Saved data entries:
----------
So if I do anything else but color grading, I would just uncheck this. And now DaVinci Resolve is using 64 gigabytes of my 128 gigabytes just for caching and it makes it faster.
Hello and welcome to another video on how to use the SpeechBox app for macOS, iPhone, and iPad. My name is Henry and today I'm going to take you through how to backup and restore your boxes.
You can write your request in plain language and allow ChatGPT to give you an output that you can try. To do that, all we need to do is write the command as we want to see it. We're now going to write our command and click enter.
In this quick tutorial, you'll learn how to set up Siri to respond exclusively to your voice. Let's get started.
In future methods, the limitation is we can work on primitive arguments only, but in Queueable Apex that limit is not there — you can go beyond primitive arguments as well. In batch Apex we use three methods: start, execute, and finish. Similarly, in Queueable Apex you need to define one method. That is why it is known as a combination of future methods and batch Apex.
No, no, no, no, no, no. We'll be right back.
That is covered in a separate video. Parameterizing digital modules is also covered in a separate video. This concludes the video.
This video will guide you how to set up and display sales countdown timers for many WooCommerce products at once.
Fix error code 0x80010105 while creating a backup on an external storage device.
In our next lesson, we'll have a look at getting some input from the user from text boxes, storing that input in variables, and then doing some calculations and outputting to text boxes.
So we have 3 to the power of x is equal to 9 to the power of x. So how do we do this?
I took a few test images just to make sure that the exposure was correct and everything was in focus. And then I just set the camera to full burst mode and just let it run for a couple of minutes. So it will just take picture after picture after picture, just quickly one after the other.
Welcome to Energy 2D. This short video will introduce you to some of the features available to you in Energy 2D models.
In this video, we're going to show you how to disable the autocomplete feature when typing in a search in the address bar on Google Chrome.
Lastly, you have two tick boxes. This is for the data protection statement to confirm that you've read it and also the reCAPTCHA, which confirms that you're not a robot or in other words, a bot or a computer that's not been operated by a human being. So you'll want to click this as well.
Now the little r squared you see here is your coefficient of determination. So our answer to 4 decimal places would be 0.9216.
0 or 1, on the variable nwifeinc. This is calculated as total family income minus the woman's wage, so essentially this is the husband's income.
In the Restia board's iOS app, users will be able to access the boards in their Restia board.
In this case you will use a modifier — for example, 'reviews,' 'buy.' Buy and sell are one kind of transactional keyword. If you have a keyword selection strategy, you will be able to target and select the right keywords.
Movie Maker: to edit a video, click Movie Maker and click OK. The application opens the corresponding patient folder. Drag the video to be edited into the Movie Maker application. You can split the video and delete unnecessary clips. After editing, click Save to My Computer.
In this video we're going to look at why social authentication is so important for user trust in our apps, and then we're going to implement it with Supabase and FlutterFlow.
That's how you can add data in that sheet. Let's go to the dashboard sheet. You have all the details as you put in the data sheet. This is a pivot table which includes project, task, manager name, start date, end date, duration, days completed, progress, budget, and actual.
----------
WHAT THE TASK REQUIRES:
Where the data above reaches the line holding "Lastly, you have", begin printing, and stop after the line holding "In this video we're". Each line must be reproduced exactly, with nothing else added.

RESPONSE TO THIS TASK:
Lastly, you have two tick boxes. This is for the data protection statement to confirm that you've read it and also the reCAPTCHA, which confirms that you're not a robot or in other words, a bot or a computer that's not been operated by a human being. So you'll want to click this as well.
Now the little r squared you see here is your coefficient of determination. So our answer to 4 decimal places would be 0.9216.
0 or 1, on the variable nwifeinc. This is calculated as total family income minus the woman's wage, so essentially this is the husband's income.
In the Restia board's iOS app, users will be able to access the boards in their Restia board.
In this case you will use a modifier — for example, 'reviews,' 'buy.' Buy and sell are one kind of transactional keyword. If you have a keyword selection strategy, you will be able to target and select the right keywords.
Movie Maker: to edit a video, click Movie Maker and click OK. The application opens the corresponding patient folder. Drag the video to be edited into the Movie Maker application. You can split the video and delete unnecessary clips. After editing, click Save to My Computer.
In this video we're going to look at why social authentication is so important for user trust in our apps, and then we're going to implement it with Supabase and FlutterFlow.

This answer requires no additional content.